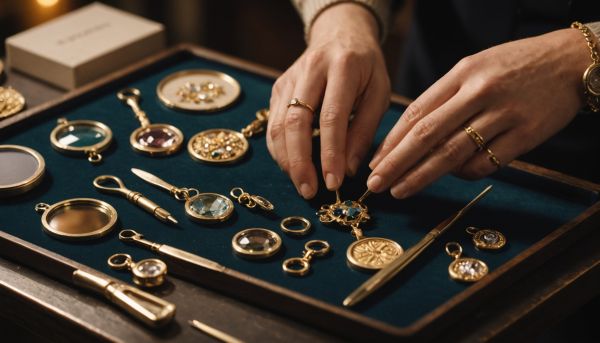 Comment choisir les initiales pour son pendentif ?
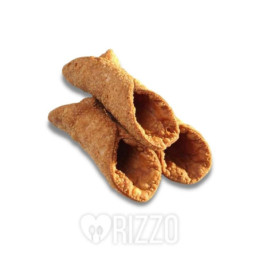 Scorze cannoli grandi cartone pezzi 140 Saporando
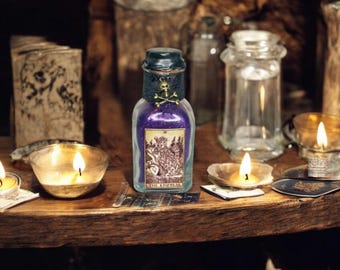 Tarot Empress Potion Bottle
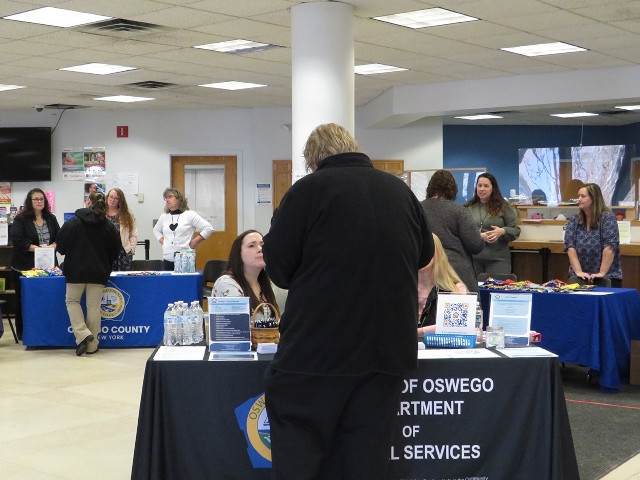 Community Responds to Make Oswego County DSS Recruitment Fair A Success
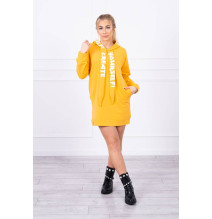 Ruha kapucnival MI0042 okker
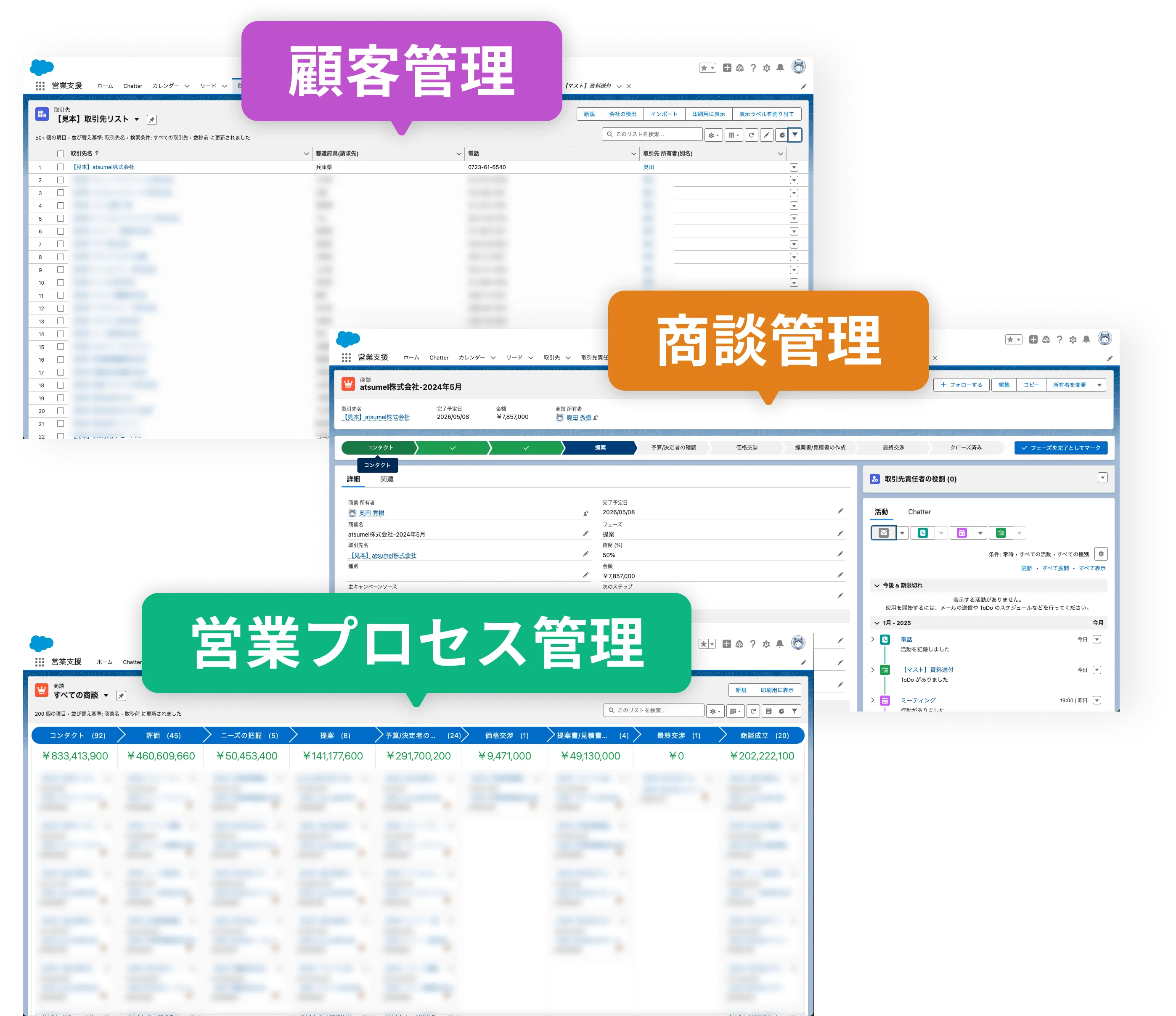 Salesforce Sales Cloudをすぐに体験できる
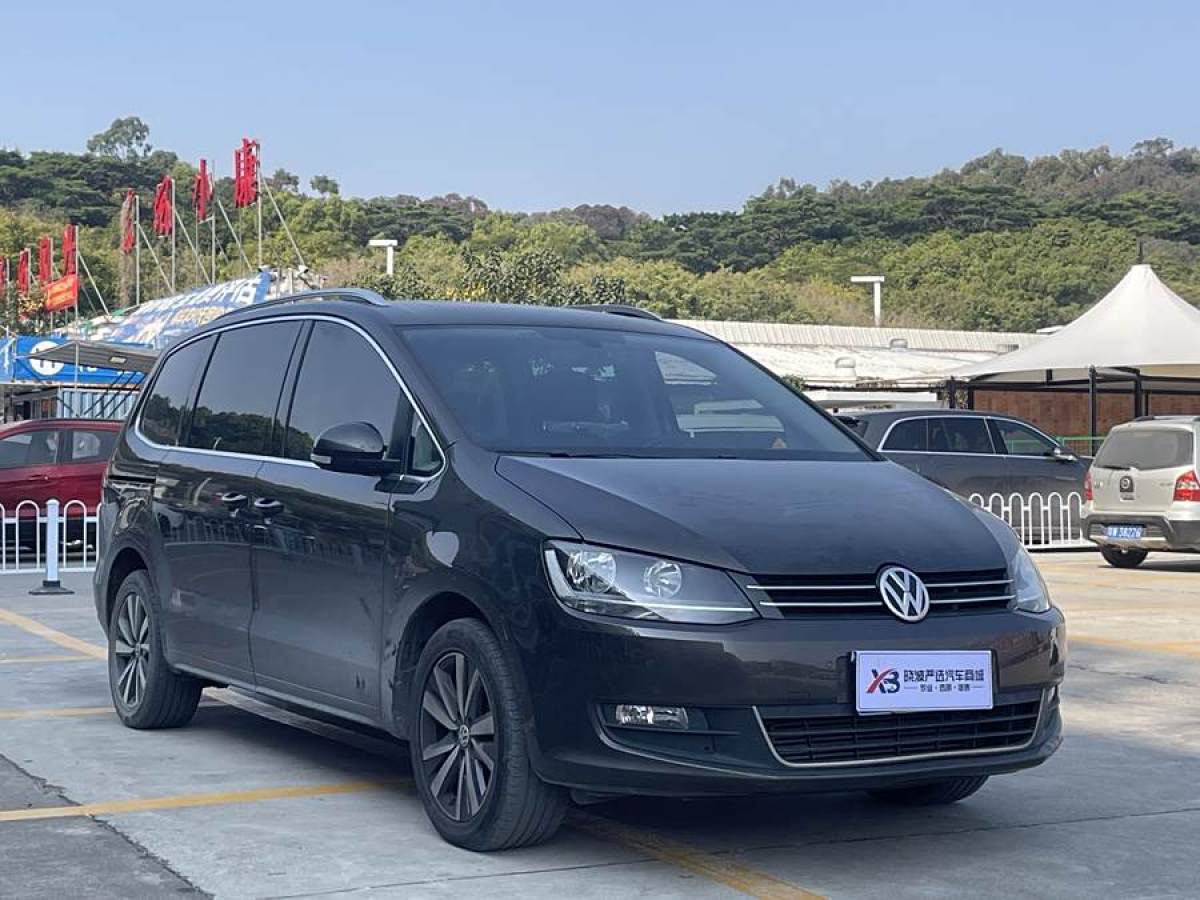 大眾 夏朗  2019款 改款 380TSI 舒享型 7座圖片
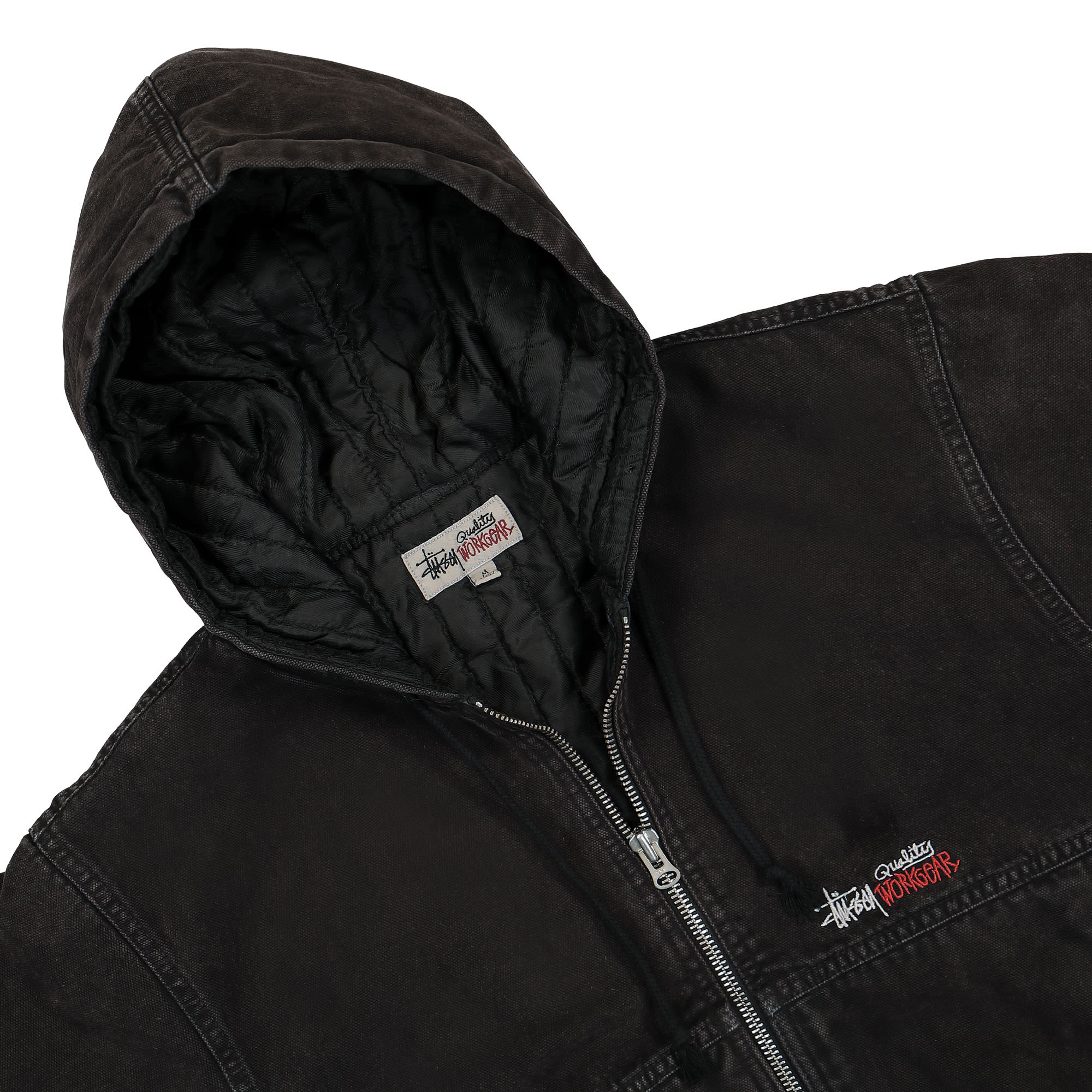 Stussy Canvas Insulated Work Jacket 115716 / 0001 | OVERKILL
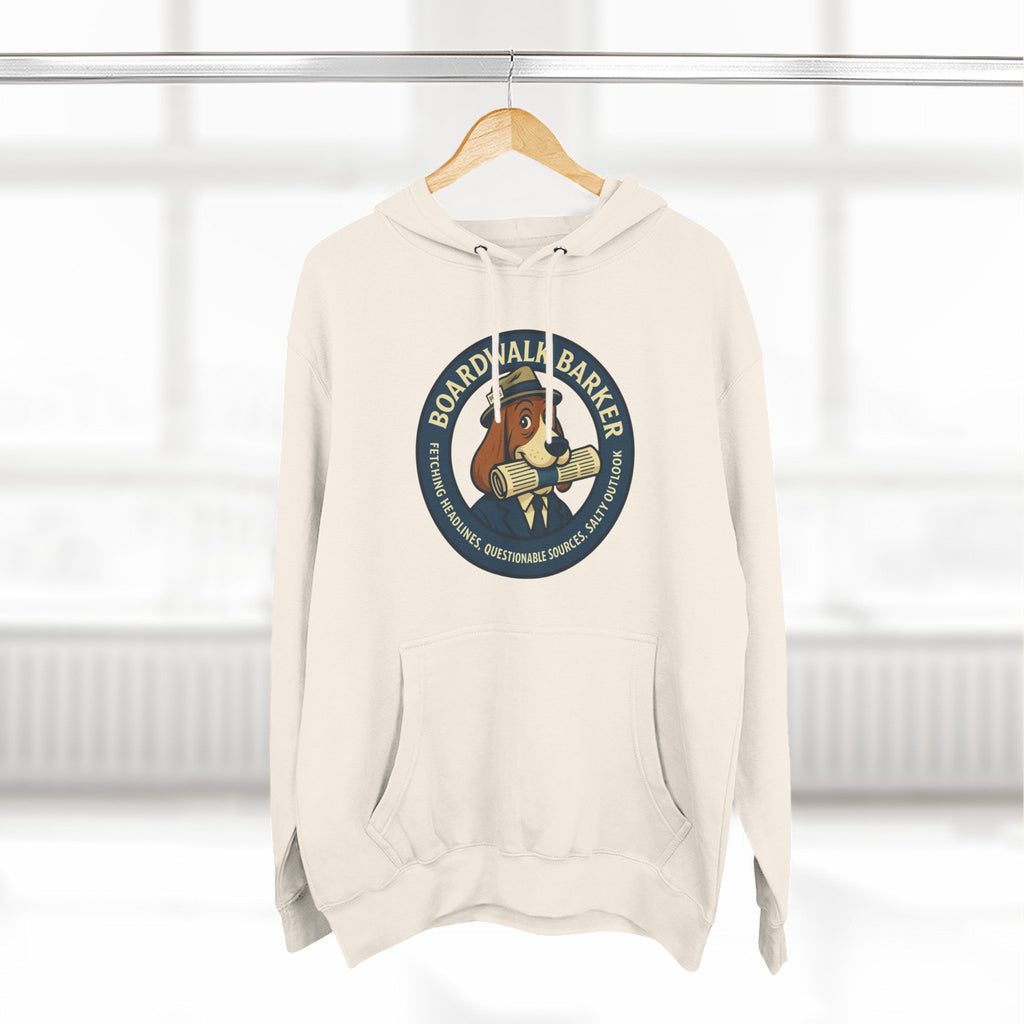 Boardwalk Barker Classic Logo Hoodie
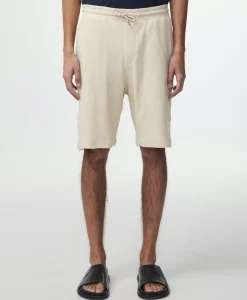 Nn07 Short Shorts Warren Ecru*Heren Broeken
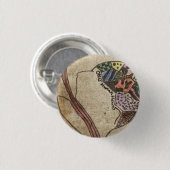 Badge Rond 2,50 Cm Seulement coeurs (b) (Devant & derrière)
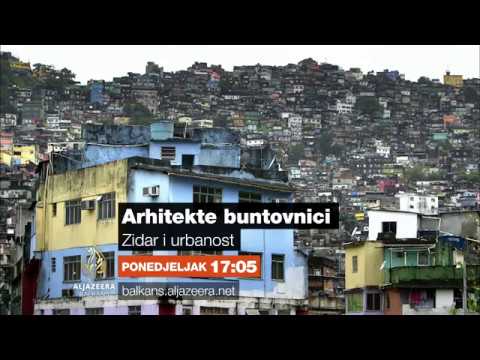 Arhitekte buntovnici 6 - Zidar i urbanost - Ponedjeljak 17:05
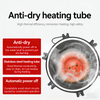 24L Autoclave Sterilizer Dental Medical Lab Equipment Stainless Steel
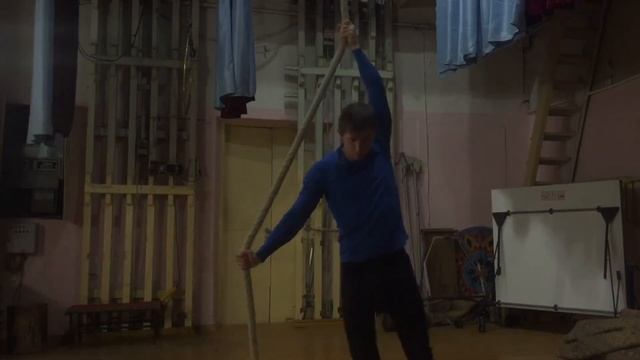 Workout воркаут флажок на канате #1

· · · ·

▶ **EXERCISE GOAL**:
Leave the pictures aside and give every entry above again word for word.

▶ **RESULT OF THE TASK**:
 Comment choisir les initiales pour son pendentif ?
 Scorze cannoli grandi cartone pezzi 140 Saporando
 Tarot Empress Potion Bottle
 Community Responds to Make Oswego County DSS Recruitment Fair A Success
 Ruha kapucnival MI0042 okker
 Salesforce Sales Cloudをすぐに体験できる
 大眾 夏朗  2019款 改款 380TSI 舒享型 7座圖片
 Stussy Canvas Insulated Work Jacket 115716 / 0001 | OVERKILL
 Boardwalk Barker Classic Logo Hoodie
 Nn07 Short Shorts Warren Ecru*Heren Broeken
 Badge Rond 2,50 Cm Seulement coeurs (b) (Devant & derrière)
 Arhitekte buntovnici 6 - Zidar i urbanost - Ponedjeljak 17:05
 24L Autoclave Sterilizer Dental Medical Lab Equipment Stainless Steel
 Workout воркаут флажок на канате #1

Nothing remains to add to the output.